JocJonJosch are an Anglo-Swiss collective based in London. Their exhibition, ‘Foot-Kroku-Zvuk-Klingen’ (a corrupted translation from German, Czech to English of Footfall) sets out to explore the act of digging. Through their use of earth installations, hand drawings, videos and vintage style photography JocJonJosch create a display that ultimately fails to define itself or to break fresh ground on the subject.
The first thing you are met with is a pile of earth in a flat circle. Dried out and arranged without precision in a dimly lit room, the solidified circle contains the memory of footprints within it. It’s necessary to consult the exhibition information for guidance on what should be a pretty straight forward subject to explore.
A video of the three members of JocJonJosch is downstairs. They dig a hole in an undisclosed location. This, on repeat with a virtually static camera, does little to immerse the viewer in the act but seems to serve simply to show that they are not afraid to get their hands dirty.
Adjacent are a collection of black and white photographs of some of the dirt-based installations. Oddly, a lot of the interventions themselves cannot be seen as they have been marked over in white. This detracts from the visual element of the artwork, as if JocJonJosch had second thoughts themselves about their impact.
What’s most interesting about these photographs is not the foregrounded structures themselves but the context they are located within. With the earth works sat within mountainous valleys or next to concrete tower blocks, these images are the closest JocJonJosch come to effective story-telling, hinting at the relationship that earth has with the everyday in all its humour and absurdity. One that stands out most is of a mud brick tower. It is framed and presented as if something found in a book on vernacular architecture and is interesting in material terms, for despite being seen as perhaps an out-dated material, mud-bricks are remain common to modern-day construction.
The last sculpture in the exhibition is of three adjoining spades. Although it is a well-made enough object, it seem at odds with the concept of the show. Presented cleanly and elegantly, it feels like a product that wouldn’t look out of place in a design showroom. Why not show the actual three spades by the group and present them dirt and all? The piece is disjointed in an already loosely organised show.
The exhibition suffers somewhat from under-development and under-explanation. There are two large drawings featured, both black lines on white canvas in an abstract pattern. Though unremarkable these potentially hint at the patterns walked during performances or the grid references of unknown locations. These influences are not illuminated. Sounds, data, human effort, even sweat, are resources untapped within this exhibition.
The Sisyphean nature of digging and whatever satisfactory metaphors can be gleaned from it, has been more successfully explored by artists such as Cultural Highjack’s 2013 intervention in Bedford Square, digging and refilling the same hole over a week. The earlier project links neatly into the never ending development and construction of cities and the myriad issues of the labour force much more successfully than ‘Foot-Kroku-Zvuk-Klinge’ is able to achieve.

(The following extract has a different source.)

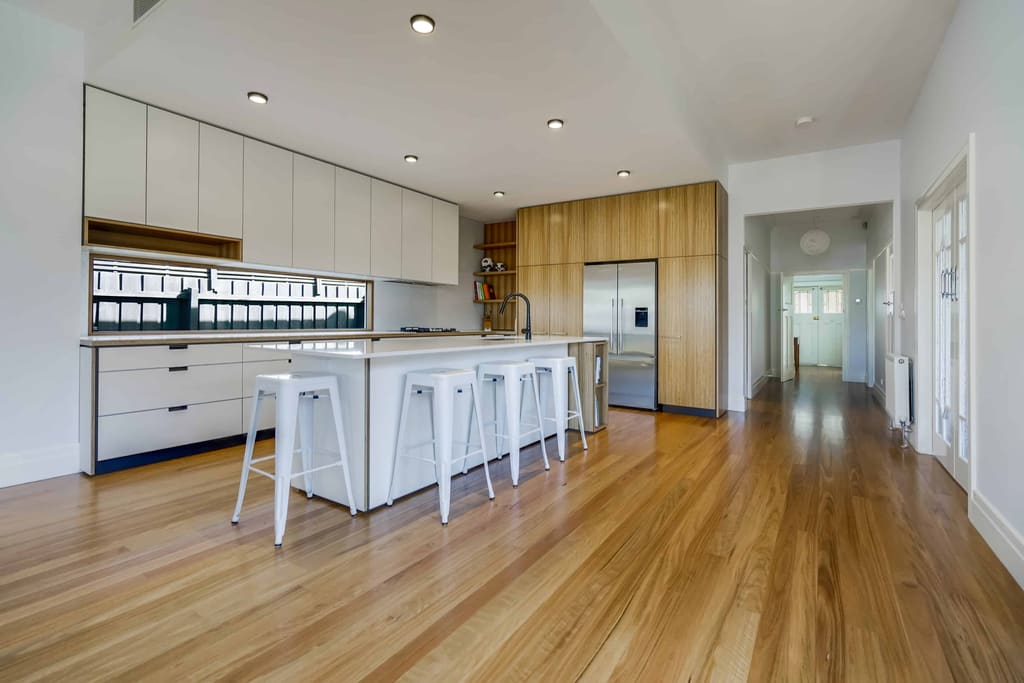 Wood & Tiles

The exhibition offers no particular conclusion from these activities, nor does it unearth any hidden depths, meanings or visually impressive results. Playing at digging may well be a fun activity for a few friends but as it is still the basis of livelihood of thousands of labourers it comes across as self-congratulatory. You need only look outside the gallery at the ongoing construction of Hanbury Street to see a more meaningful real-life relationship between people and digging.